** RECORDS TO USE follows **

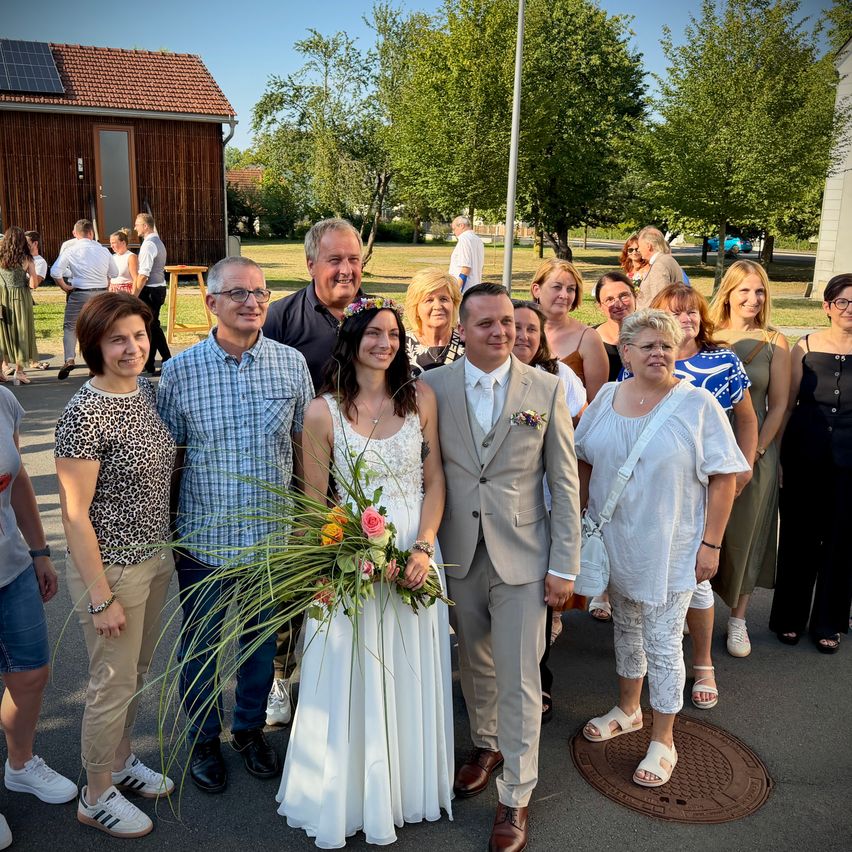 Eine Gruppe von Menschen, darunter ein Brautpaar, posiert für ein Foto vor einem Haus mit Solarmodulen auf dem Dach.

** End of RECORDS TO USE **
** RECORDS TO USE follows **

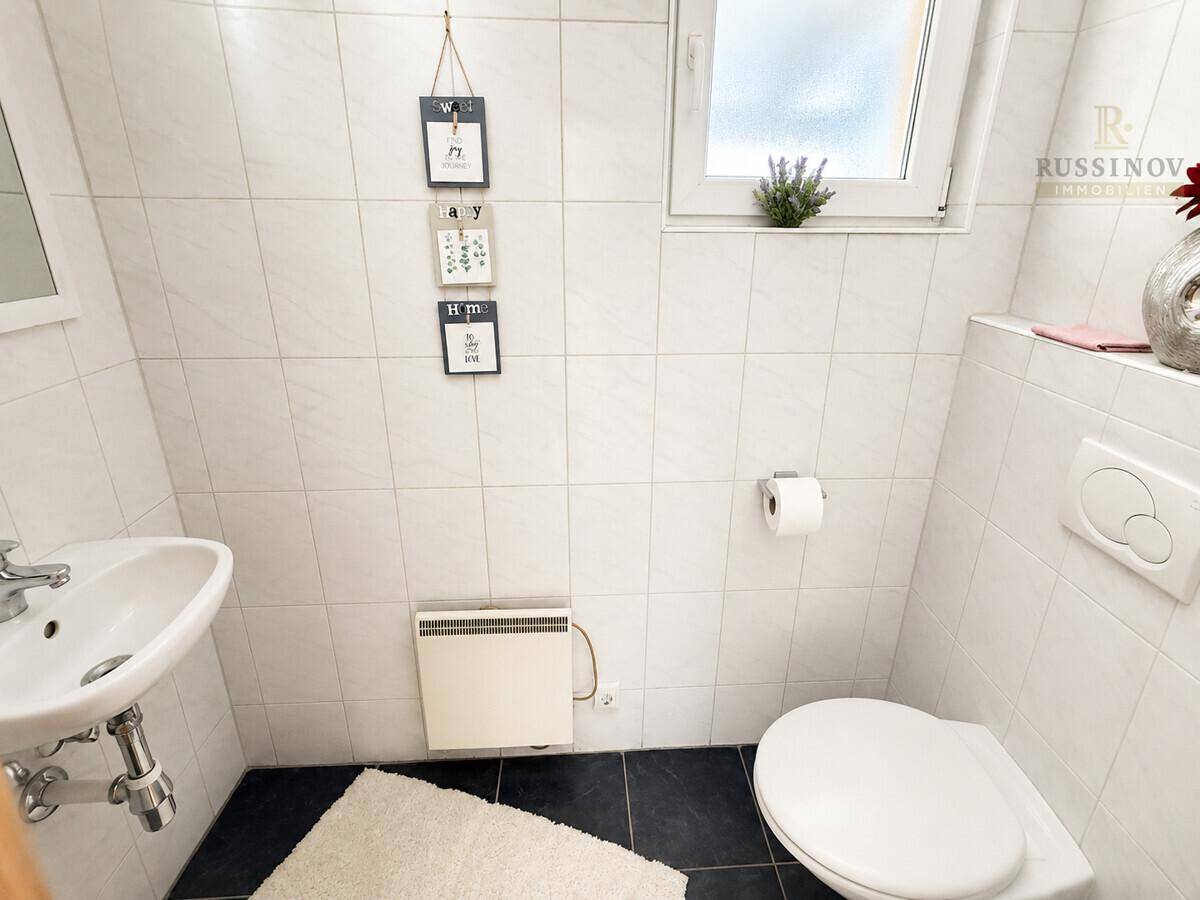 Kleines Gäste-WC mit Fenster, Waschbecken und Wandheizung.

** End of RECORDS TO USE **
** RECORDS TO USE follows **

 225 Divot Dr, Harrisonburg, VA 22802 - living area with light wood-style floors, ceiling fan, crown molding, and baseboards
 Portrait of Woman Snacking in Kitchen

** End of RECORDS TO USE **

> [WHAT THE EXERCISE ASKS] Look above for the line with "225 Divot Dr, Harrisonburg, VA" and the line with "Portrait of Woman Snacking in Kitchen", and reproduce exactly those two lines plus every line between, nothing more.

> [RESPONSE AREA]
 225 Divot Dr, Harrisonburg, VA 22802 - living area with light wood-style floors, ceiling fan, crown molding, and baseboards
 Portrait of Woman Snacking in Kitchen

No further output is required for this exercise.